Глаза Артема зло вспыхнули, затем послышался хруст зубов. Да, что они все нервные-то такие? По сути, он мне ноги целовать должен, учитывая неожиданный карьерный взлет. Я лихорадочно обдумывал, как действовать, если бросится с кинжалом.
— Моя последняя цена — полтора, — с нажимом произнес тот, и очень внимательно, и вроде, как грозно посмотрел мне в глаза, однако, сам же первый сдался. Увел его вбок, мол, не больно-то и хотелось в «гляделки» играть, — Иметь Пауков во врагах, скажу я тебе, плохая примета… Очень плохая! У нас память хорошая. Подснежником ты будешь месяц, а потом сам по себе. Из-за тебя наш клан лишился сегодня двух лучших членов, а это…
Быстро закупочные цены поднялись, и не на марку или две — на половину миллиона. Никодиму хоть тогда и поверил сразу, но очередное доказательство его слов отчего-то порадовало. А еще вновь проснулась злость на Вилли. Толстопузая гнида. Перед глазами пылал постоялый двор, и тщетно пытались его потушить многочисленные пожарные. Даже головой встряхнул, прогоняя наваждение.

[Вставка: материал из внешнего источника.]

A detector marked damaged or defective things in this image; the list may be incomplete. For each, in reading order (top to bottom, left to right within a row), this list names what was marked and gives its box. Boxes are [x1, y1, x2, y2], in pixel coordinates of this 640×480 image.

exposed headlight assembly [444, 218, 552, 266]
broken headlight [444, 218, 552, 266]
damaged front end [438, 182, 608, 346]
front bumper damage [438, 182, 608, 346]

— Членов, а может писюлек? Еще и лучших? Мда… — здесь бедолага кулаки сжал, но сдержался, а я продолжил, не давая вставить оппоненту слово, — Скажу так. Иметь Пауков… — выделил слово «иметь», поцокал языком и улыбнулся, — Мне нравится… иметь… с вами дела — они ну очень прибыльные, доходные, — похлопал ближайшего жеребца по холке, а тот, будто понимая всю глубину момента, радостно заржал. Второй ткнулся лбом в плечо, явно выпрашивая угощение, — Цена за одного, дабы вернулись во вряд ли полюбившиеся им конюшни. Поговаривают в народе, опасно там животным для их чести… Так вот, пять миллионов. Можете помнить все. Но тогда и я не виноват. Скажу честно, память у меня плохая, таких «членши» на пути Великого Холода вагон и маленькая тележка, — для понимания выставил правый кулак, где вновь клановое кольцо стало, будто светить тьмой, а от нее мороз шел по коже, — Но не беспокойся, когда подводит в блокнот заглядываю. А там не просто записываю — выжигаю, мать его.

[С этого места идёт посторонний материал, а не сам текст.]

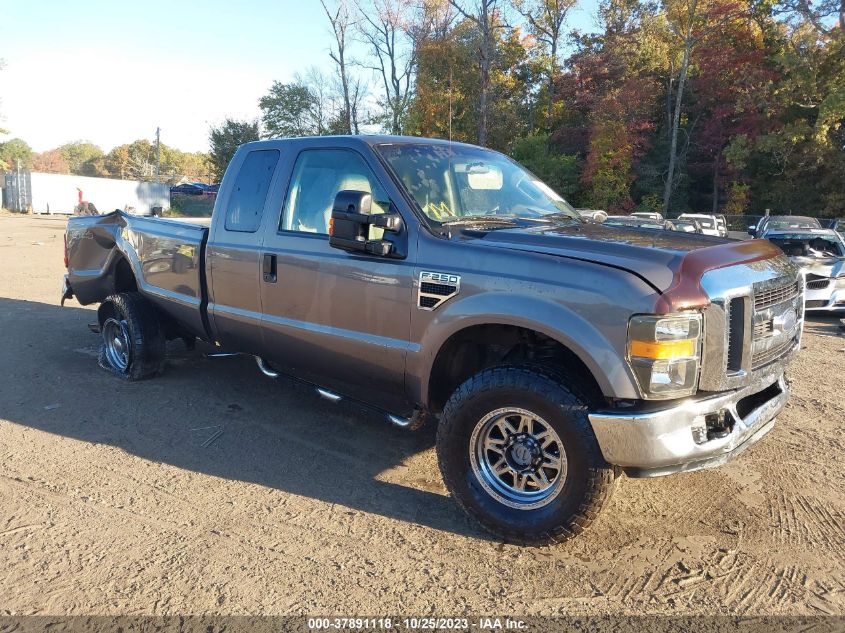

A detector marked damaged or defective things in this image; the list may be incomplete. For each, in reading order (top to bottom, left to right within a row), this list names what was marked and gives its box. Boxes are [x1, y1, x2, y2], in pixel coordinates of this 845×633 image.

damaged car in background [760, 230, 844, 314]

Артем задышал шумно, принялся в который раз сверлить меня взглядом. Но не так, как до этого момента. Сейчас он старался запомнить каждую черточку лица, чтобы даже через сто лет встретить, но вспомнить и лично шею сломать. Осмотрелся как-то затравленно явно от невозможности осуществить самое заветное желание. Обвел людей вокруг злым взором, в котором читалось: «эх, не было бы вас рядом, козлы!».

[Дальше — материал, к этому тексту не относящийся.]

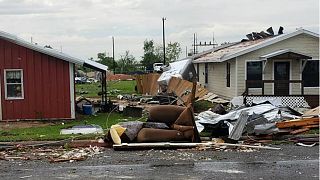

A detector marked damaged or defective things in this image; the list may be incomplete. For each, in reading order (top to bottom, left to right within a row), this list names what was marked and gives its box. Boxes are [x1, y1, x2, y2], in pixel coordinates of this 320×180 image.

Сила воли врага поневоле вызывала уважение. И он мог сдерживаться в отличие от главы, но почему тот рулил? Тоже вопрос. Или я сейчас разговаривал с закулисным кукловодом, убитый лишь исполнял роль говорящей головы? Хорошего я себе врага нажил, ничего не скажешь. Бодрого, сука, доброго, что та немецкая овчарка, и крайне, крайне опасного.